More than the world heavyweight championship was at stake when Joe Louis fought Max Schmeling on 22 June 1938. In a world on the brink of war, the contest was projected as a test of nationalistic, racial and political ideals. It was America v. Germany, black man against white man, a showdown between democracy and totalitarianism. The 'Brown Bomber' had suffered enough prejudice and humiliation since being born in an Alabama sharecropper's wooden shack to seem an unlikely flag-bearer for the 'Land of the Free', but his main mission was to gain revenge over the man who had beaten him so badly two years earlier.

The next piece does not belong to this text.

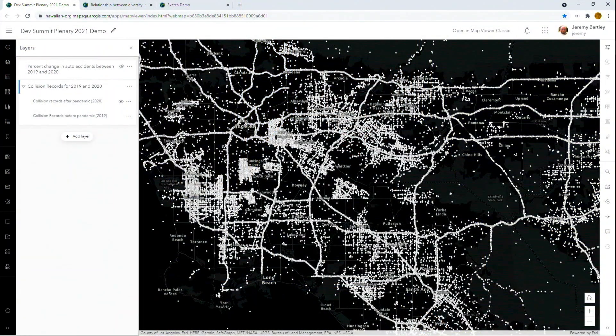Now I'd like to show you the new Map Viewer. It's coming out of beta next week. The Map Viewer is a good example of an application that's completely built off of the underlying technology within Esri, from the JavaScript API to CalSite components to hosted feature services. Let's go through a few examples of some of the new features.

While Nazi propaganda minister Joseph Goebbels was boasting that Schmeling would prove that a true Aryan would always beat an inferior black opponent, President Roosevelt was telling Louis, his White House guest, 'America needs muscles like yours to beat Germany.' No single event in the history of boxing generated as much excitement or such bitterness and extremes of emotions. It was the night Louis hit a peak of fistic perfection. He hardly missed a punch as he destroyed the challenger inside three brutal minutes.
When the Second World War broke out, Louis spent his army service giving exhibitions and boosting troop morale while Schmeling, disowned by Hitler, was forced to serve as a paratrooper and was injured in the invasion of Crete. A proud German, but adamantly never a Nazi, he secretly sheltered Jews and helped them escape to freedom. Subsequently, the two boxers' lives took contrasting turns. Louis was hounded over unpaid taxes and drifted into a hazy word of drugs, paranoia and ill health, eventually dying in 1981. Schmeling, meanwhile, became a highly successful businessman and is still active as he nears his 100th birthday. Ring War is a compulsive story of two decent human beings, drawn together by their chosen profession and divided by the cruel demands of warring nations. Ultimately, they put the legacy of hate behind them to form a life-long friendship.
Patrick Myler is a writer and boxing historian. His previous books on the sport include Gentleman Jim Corbett and A Century of Boxing Greats and articles have also appeared in The Ring, Boxing News, Boxing Monthly and the British Boxing Monthly.